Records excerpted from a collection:
-.-.-

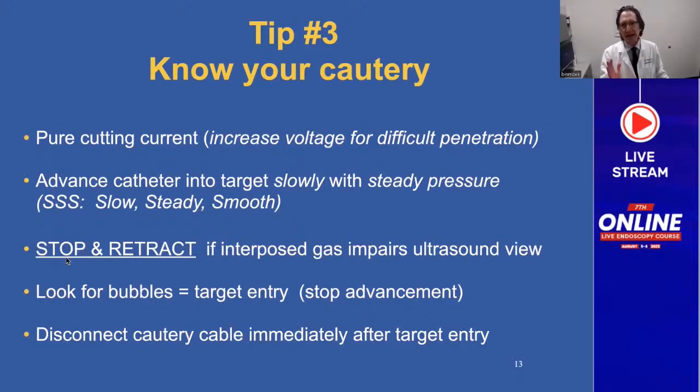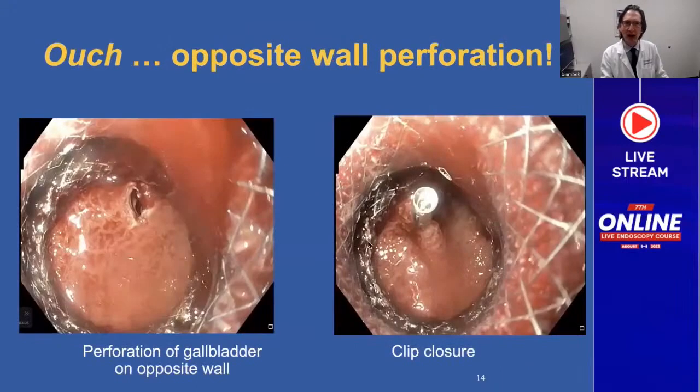Stop and retract if interposed gas impairs your ultrasound view. If you're getting any gas and can't see your target, stop and retract a little bit until you get your view again. Look for bubbles — you'll see bubbles from the heating of fluid as soon as you enter your target. At that moment, stop your advancement so you don't go through the opposite wall, and disconnect the cautery cable immediately after you enter your target. Here's an example: I perforated the opposite wall of the gallbladder because I didn't stop in time, but fortunately I was able to close the hole with a single clip.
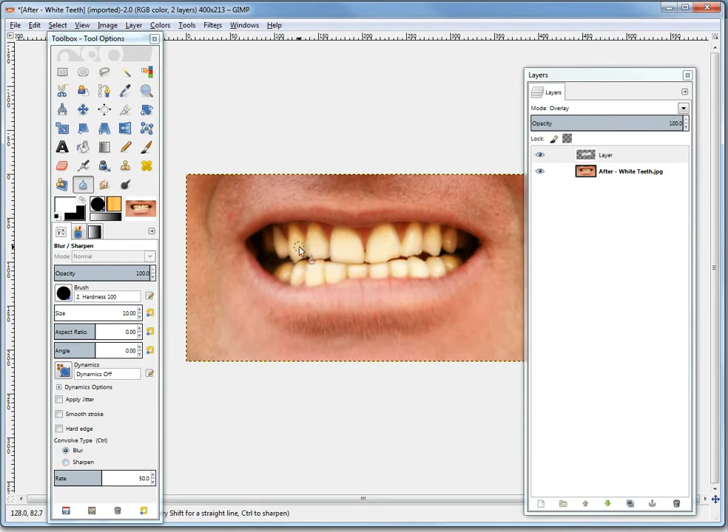It still has some yellow, but it's much more white than before. You could do this process over again to make it look even whiter. I'll just show you the difference between this and the original one.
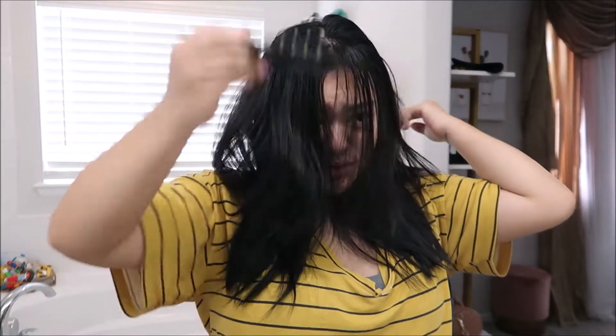So I'm thinking of doing bangs and some face-framing layers as well. I have a little bit right here, but as you can tell, that's what I'm cutting as bangs. So we're going to do this. I've done this before, however I've never filmed it, I've never filmed myself doing it.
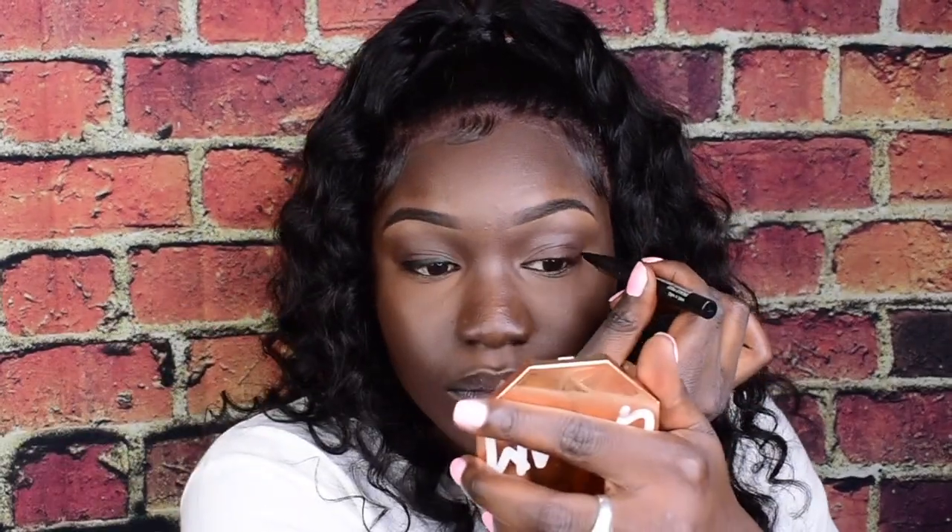Everything is coming along per usual. Now I'm just gonna line my eyes. I added liner — now I'm just gonna go in with my NARS Climax Mascara and put some on.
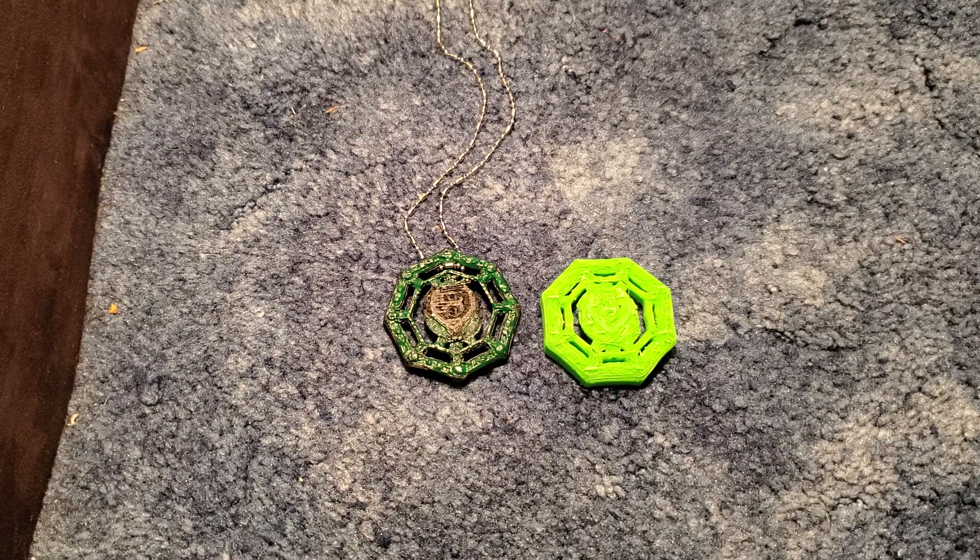I have started designing Beyblades myself, as I have mentioned. I have designed an attack type. I like attack types — they definitely serve their purpose. I think attack types are cool, I love watching attack battles, I just prefer defense type. I'm not going to release my Beyblade that I designed to people. However, I am working in Tinkercad and I am going to design Beyblades for people to print, because at the end of the day I want everyone to be able to have the same joy and happiness that I have.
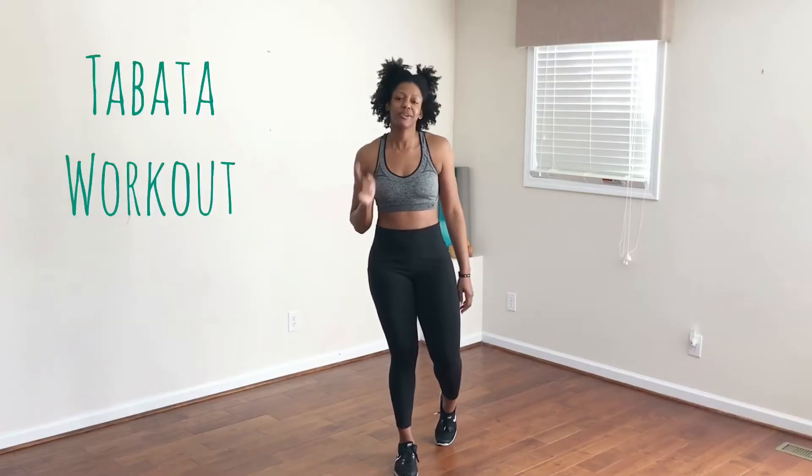Hey everybody, it's Kristen Feenster. Welcome to today's completely equipment-free Tabata workout.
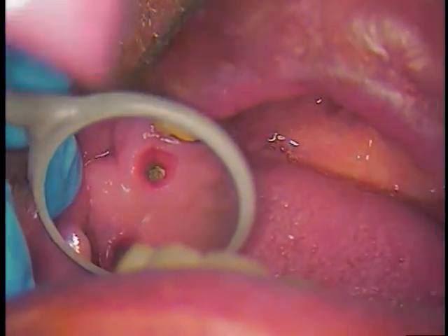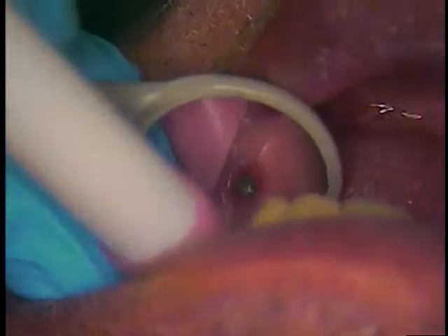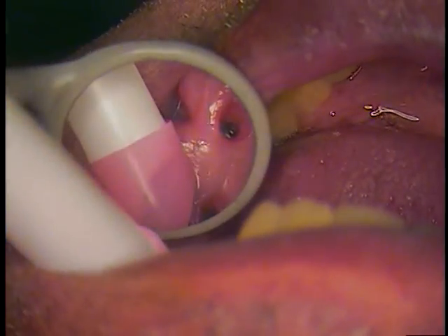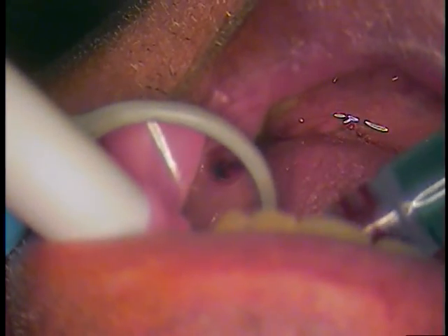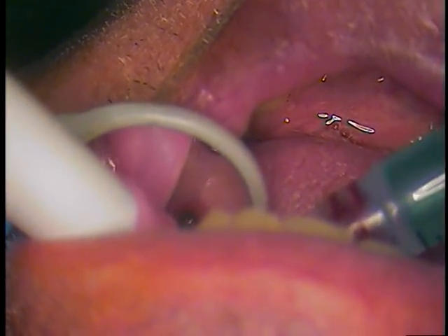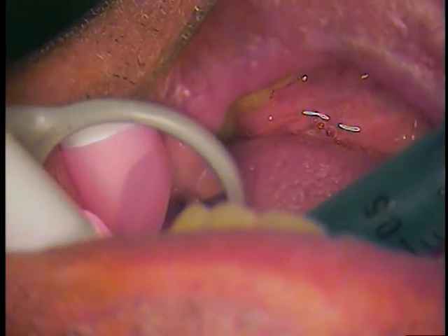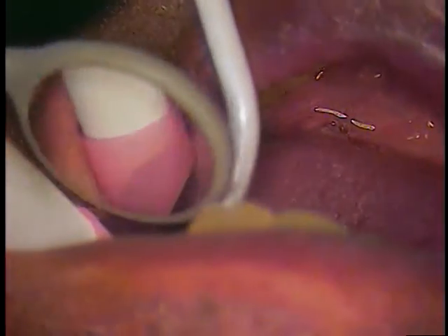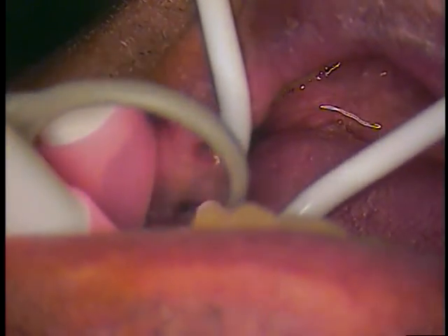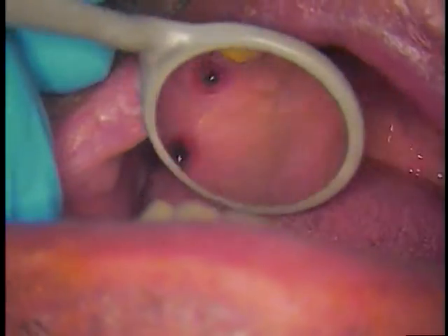First thing I'm going to do is clean out each of these areas with a little chlorhexidine gluconate cavity cleanser. And then we're going to rinse those areas and vacuum them out. So this is all routine.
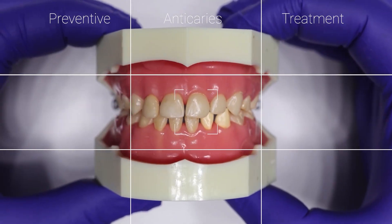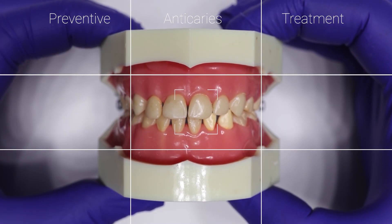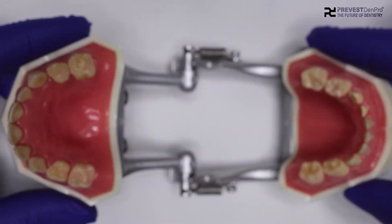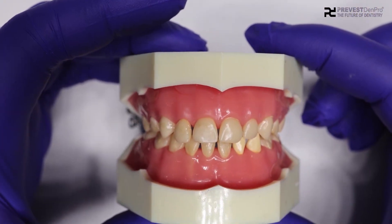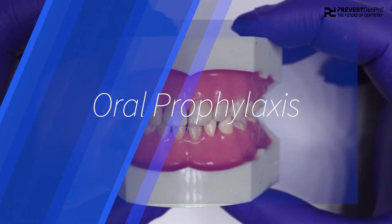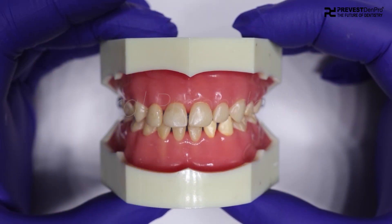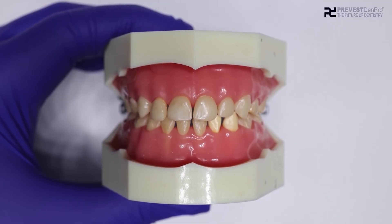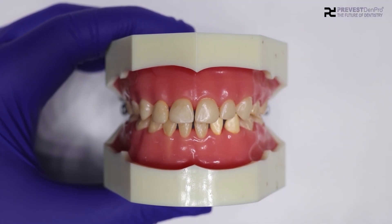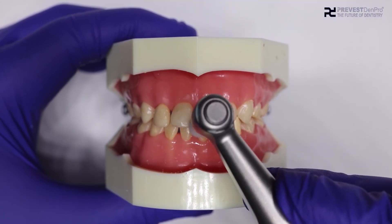Hi friends, today's video is about preventive anti-caries treatment, done with the help of Fluorotop APF, which is a topical fluoride gel. This is a demonstration video, so let's proceed step by step. The first step involves complete oral prophylaxis — removing all the debris and excess fluid from the tooth surfaces.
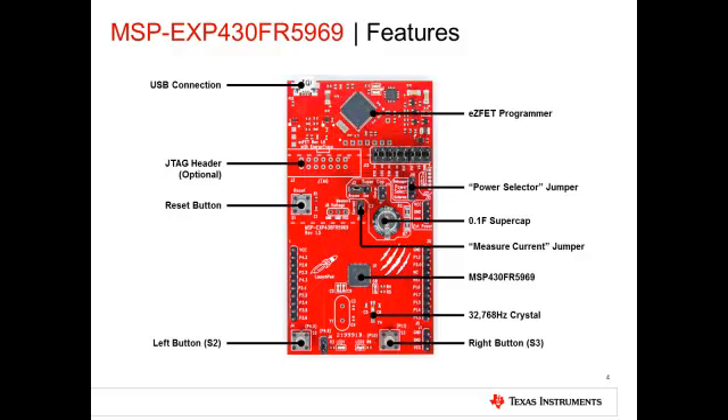Now let's walk through the various features of the target portion of the board. In the center of the board, you can find the FR-5969 device with 64 kilobytes of embedded FRAM. The board also comes pre-populated with two 10-pin headers in the standard Launchpad format, allowing this board to be compatible with any booster pack such as the Sharp 96 LCD booster pack. The board also provides the option to mount a 32768 Hz crystal for RTC, and we can also find switches and LEDs for user interaction.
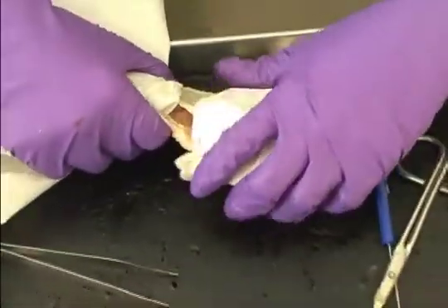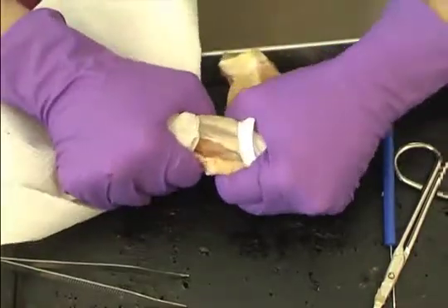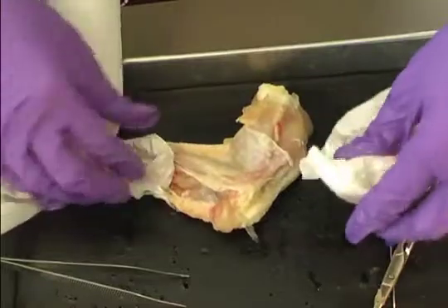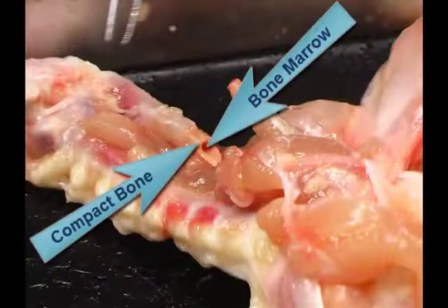Then break one of the small bones in the lower chicken wing. It is easiest when holding the bone with a paper towel for a better grip. Be careful to avoid the broken ends of the bone as they may be sharp. Observe the structure of the bone, noting the hard, compact layer and the bone marrow within the bone.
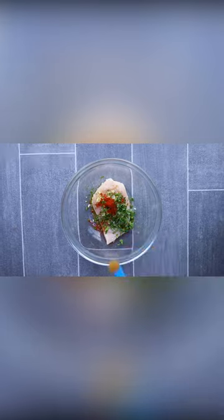Add 1/4 teaspoon of paprika, 1/4 teaspoon of cumin powder. Now mix it and then cook in a pan.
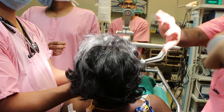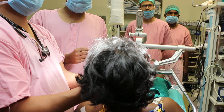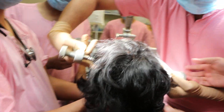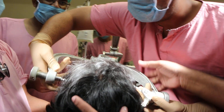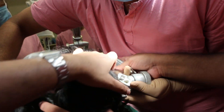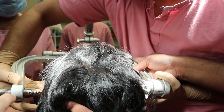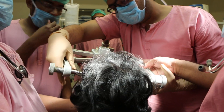Here we need a space. Here we need a space — just go below the parietal eminence. And this is below the parietal eminence. Don't go too down. This is a temporal region.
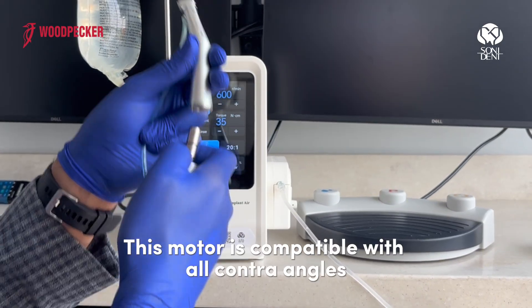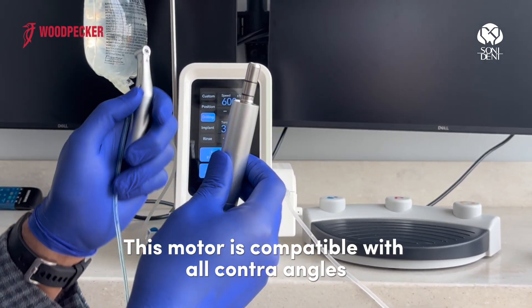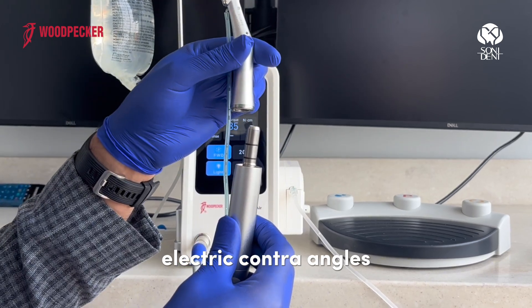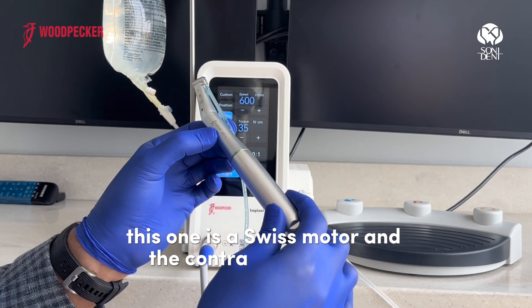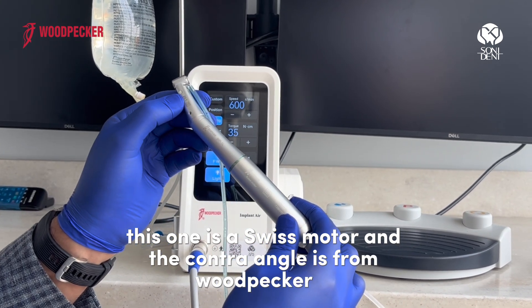This motor is compatible with all contra-angle electric contra-angles. This one is a switch motor and the contra-angle is from Woodpecker 21.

-.-.-

What to do:
Repeat the records in full, precisely, and keep the pictures out.

Task response:
Stop and retract if interposed gas impairs your ultrasound view. If you're getting any gas and can't see your target, stop and retract a little bit until you get your view again. Look for bubbles — you'll see bubbles from the heating of fluid as soon as you enter your target. At that moment, stop your advancement so you don't go through the opposite wall, and disconnect the cautery cable immediately after you enter your target. Here's an example: I perforated the opposite wall of the gallbladder because I didn't stop in time, but fortunately I was able to close the hole with a single clip.
It still has some yellow, but it's much more white than before. You could do this process over again to make it look even whiter. I'll just show you the difference between this and the original one.
So I'm thinking of doing bangs and some face-framing layers as well. I have a little bit right here, but as you can tell, that's what I'm cutting as bangs. So we're going to do this. I've done this before, however I've never filmed it, I've never filmed myself doing it.
Everything is coming along per usual. Now I'm just gonna line my eyes. I added liner — now I'm just gonna go in with my NARS Climax Mascara and put some on.
I have started designing Beyblades myself, as I have mentioned. I have designed an attack type. I like attack types — they definitely serve their purpose. I think attack types are cool, I love watching attack battles, I just prefer defense type. I'm not going to release my Beyblade that I designed to people. However, I am working in Tinkercad and I am going to design Beyblades for people to print, because at the end of the day I want everyone to be able to have the same joy and happiness that I have.
Hey everybody, it's Kristen Feenster. Welcome to today's completely equipment-free Tabata workout.
First thing I'm going to do is clean out each of these areas with a little chlorhexidine gluconate cavity cleanser. And then we're going to rinse those areas and vacuum them out. So this is all routine.
Hi friends, today's video is about preventive anti-caries treatment, done with the help of Fluorotop APF, which is a topical fluoride gel. This is a demonstration video, so let's proceed step by step. The first step involves complete oral prophylaxis — removing all the debris and excess fluid from the tooth surfaces.
Now let's walk through the various features of the target portion of the board. In the center of the board, you can find the FR-5969 device with 64 kilobytes of embedded FRAM. The board also comes pre-populated with two 10-pin headers in the standard Launchpad format, allowing this board to be compatible with any booster pack such as the Sharp 96 LCD booster pack. The board also provides the option to mount a 32768 Hz crystal for RTC, and we can also find switches and LEDs for user interaction.
Then break one of the small bones in the lower chicken wing. It is easiest when holding the bone with a paper towel for a better grip. Be careful to avoid the broken ends of the bone as they may be sharp. Observe the structure of the bone, noting the hard, compact layer and the bone marrow within the bone.
Add 1/4 teaspoon of paprika, 1/4 teaspoon of cumin powder. Now mix it and then cook in a pan.
Here we need a space. Here we need a space — just go below the parietal eminence. And this is below the parietal eminence. Don't go too down. This is a temporal region.
This motor is compatible with all contra-angle electric contra-angles. This one is a switch motor and the contra-angle is from Woodpecker 21.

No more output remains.